Tout le monde connaît le joli roman en prose mêlée de vers que La Fontaine a composé sur les Amours de Psyché et Cupidon, d’après la version d’Apulée. Il était imprimé depuis deux ans lorsque le roi Louis XIV demanda à Molière une pièce à spectacle pour les fêtes du carnaval de l’année 1671. Frappé sans doute des ressources de ce sujet mythologique, rajeuni par le bonhomme, Molière se mit activement à l’œuvre ; mais le temps lui manqua, et il eut recours, pour l’aider, à Corneille et à Quinault. Il n’avait ébauché que le prologue, le premier acte, les premières scènes du second et du troisième. Corneille, alors âgé de soixante-cinq ans, écrivit le reste, et retrouva tout le feu de sa jeunesse pour tracer la scène célèbre où l’Amour se déclare à Psyché. Quinault fît les intermèdes, et Lully les mit en musique. Quelle association brillante, et quels antécédents glorieux pour l’histoire de la collaboration !

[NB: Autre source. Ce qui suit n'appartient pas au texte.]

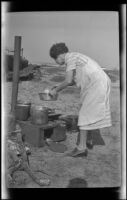Mertie West cooking on a camp stove, San Onofre, about 1925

Cette pièce, qui figure dans les œuvres de Molière sous le titre singulier de tragédie-ballet, fut représentée avec un grand éclat : d’abord à la salle des Machines des Tuileries, et six mois après au théâtre du Palais-Royal. L’Amour était joué par Baron, et Psyché par la Béjart, femme de Molière. À cette époque tout était neuf dans ce sujet, le fond comme la forme, et la réunion de la déclamation, du chant, de la danse et des machines les plus compliquées qu’on eût encore vues, en faisait un spectacle tout à fait digne du grand roi. Sept ans plus tard, Molière n’existait plus, Corneille avait cessé d’écrire pour le théâtre, et cependant Louis XIV voulait être amusé. Les ennemis de Quinault persuadèrent à Lully de faire infidélité à son poète favori, et le Florentin se décida à mettre en musique un opéra de Psyché, qui était le début de Fontenelle, mais qui fut signé par son oncle Thomas Corneille. La ville eut les prémices de cet opéra, qui fut représenté à l’Académie royale de musique avant de l’être à la cour. En 1760, les Amours de Psyché inspirèrent encore un intermède musical à Voisenon et à Mondonville. Puis ce fut le tour de la danse ; Noverre, d’Auberval, Gardel, s’essayèrent successivement sur ce sujet gracieux, et enfin le vaudeville s’en empara, en 1814, pour le traiter à sa manière, ainsi que l’indique ce sous-titre : la Curiosité des Femmes. Cette bluette, de MM. Théaulon et Dartois, était piquante et spirituelle ; mais elle empruntait son principal attrait à sa distribution, exclusivement composée de femmes, et qui mieux est, de charmantes femmes.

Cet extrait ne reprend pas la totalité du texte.